Whitehead procedure: circumferential excision of the mucosa and submucosa containing the hemorrhoidal venous plexus, followed by advancement of the proximal mucosa and suturing to the perianal skin. Because of numerous complications, including severe pain, fecal incontinence, anal discharge, and anal stenosis, this technique is now rarely used.

Longo stapled hemorrhoidopexy:

  • Principle: circumferential resection of a ring of rectal mucosa reduces blood flow to the hemorrhoidal plexus, thereby decreasing hemorrhoidal volume, while simultaneously lifting the anal cushions back into the anal canal using a 33-mm circular stapler.
  • Indications: grade II and grade III internal hemorrhoids.

Doppler-guided hemorrhoidal artery ligation:
This technique was first performed by Kazumasa Morinaga in 1995. A Doppler ultrasound probe is used to identify six terminal branches of the superior rectal artery, which are then ligated approximately 2 cm above the dentate line. This reduces blood flow to the hemorrhoidal cushions, decreases their volume, and preserves the anal cushions.

Figure 5. Surgical treatment of hemorrhoids: Doppler-guided hemorrhoidal artery ligation.

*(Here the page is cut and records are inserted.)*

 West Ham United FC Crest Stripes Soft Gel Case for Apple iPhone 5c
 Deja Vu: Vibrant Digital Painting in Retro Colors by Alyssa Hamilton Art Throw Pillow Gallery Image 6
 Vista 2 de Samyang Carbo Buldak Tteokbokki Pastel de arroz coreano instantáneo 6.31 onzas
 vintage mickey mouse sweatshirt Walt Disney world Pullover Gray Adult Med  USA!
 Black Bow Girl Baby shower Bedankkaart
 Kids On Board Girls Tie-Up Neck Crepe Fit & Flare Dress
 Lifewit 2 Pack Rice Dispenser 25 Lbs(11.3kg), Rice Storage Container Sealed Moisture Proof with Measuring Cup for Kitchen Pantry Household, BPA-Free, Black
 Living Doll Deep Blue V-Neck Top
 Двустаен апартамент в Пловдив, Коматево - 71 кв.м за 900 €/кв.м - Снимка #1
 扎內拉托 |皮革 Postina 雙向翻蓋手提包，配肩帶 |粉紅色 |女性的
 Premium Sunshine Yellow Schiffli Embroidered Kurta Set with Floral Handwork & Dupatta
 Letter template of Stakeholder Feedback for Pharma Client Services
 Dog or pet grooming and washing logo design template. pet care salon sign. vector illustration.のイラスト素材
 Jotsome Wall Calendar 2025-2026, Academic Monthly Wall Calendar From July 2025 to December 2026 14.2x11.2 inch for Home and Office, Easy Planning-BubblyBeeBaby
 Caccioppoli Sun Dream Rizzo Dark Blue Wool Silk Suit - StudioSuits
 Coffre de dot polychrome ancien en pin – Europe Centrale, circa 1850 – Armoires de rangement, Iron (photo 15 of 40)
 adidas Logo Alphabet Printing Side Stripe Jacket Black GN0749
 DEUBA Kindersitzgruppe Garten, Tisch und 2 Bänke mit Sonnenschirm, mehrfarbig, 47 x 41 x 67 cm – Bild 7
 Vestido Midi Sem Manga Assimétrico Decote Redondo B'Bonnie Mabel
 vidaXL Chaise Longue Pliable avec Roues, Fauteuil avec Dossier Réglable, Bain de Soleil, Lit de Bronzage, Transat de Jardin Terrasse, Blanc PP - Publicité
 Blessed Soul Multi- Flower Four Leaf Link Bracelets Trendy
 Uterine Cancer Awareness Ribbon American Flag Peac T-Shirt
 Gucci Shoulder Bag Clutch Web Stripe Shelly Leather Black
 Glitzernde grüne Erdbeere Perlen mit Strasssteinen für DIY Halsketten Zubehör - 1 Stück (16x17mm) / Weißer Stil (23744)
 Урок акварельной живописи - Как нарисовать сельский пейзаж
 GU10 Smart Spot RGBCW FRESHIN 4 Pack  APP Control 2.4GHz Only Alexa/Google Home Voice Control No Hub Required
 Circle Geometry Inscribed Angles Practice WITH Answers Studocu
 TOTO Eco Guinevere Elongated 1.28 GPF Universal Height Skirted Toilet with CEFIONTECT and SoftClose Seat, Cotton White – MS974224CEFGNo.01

Postoperative complications

  • Urinary retention: the most common complication
  • Bleeding: early postoperative bleeding within the first 48 hours occurs in approximately 1%–2% of cases; delayed bleeding at 7–10 days may result from infection or sloughing of the hemorrhoidal pedicle
  • Postoperative pain, due to surgery in a highly sensitive region and possible suturing involving the sphincter
  • Edema or delayed wound healing
  • Fecal incontinence due to sphincter injury.

Postoperative care

  • Analgesia: NSAIDs and paracetamol
  • Antibiotics: ampicillin 1 g twice daily plus gentamicin 0.08 g/day for 5–7 days; metronidazole 500 mg three times daily for 5–7 days
  • Laxatives
  • Sitz bath twice daily
  • Daily digital examination of the anal canal to prevent anal stenosis.

7. Prevention

  • Early detection of hemorrhoidal disease, especially in patients with rectal bleeding
  • Examination and treatment of conditions that increase intra-abdominal pressure, such as bronchitis, chronic cough, or colitis
  • Prevention of constipation by adequate fluid intake and a diet rich in green vegetables and fresh fruits, especially papaya, oranges, mandarins, and grapefruit
  • Regular physical activity and correction of factors associated with hemorrhoidal disease
  • Limitation of irritating spicy foods and constipation-promoting substances, especially chili, alcohol, and coffee
  • Avoidance of prolonged sitting and heavy lifting
  • Careful postoperative follow-up and wound care to prevent complications such as anal stenosis and to detect complications promptly if they occur.

REFERENCES

  1. Russell TR. Anorectum, hemorrhoids. In: Current Surgical Diagnosis and Treatment. 10th ed. 1994;693–697.
  2. Wexner SD, Fleshman JW. Colon and Rectal Surgery—Anorectal Operations. 2012.
  3. Tutino R, et al. A stepwise proposal for low-grade hemorrhoidal disease: injection sclerotherapy as a first-line treatment and rubber band ligation for persistent relapses. Front Surg. 2022;8:782800.
  4. Rubbini M, Ascanelli S. Classification and guidelines of hemorrhoidal disease: present and future. World J Gastrointest Surg. 2019;11(3):117.
  5. Pata F, et al. Evolution of surgical management of hemorrhoidal disease: an historical overview. Front Surg. 2021;8:727059.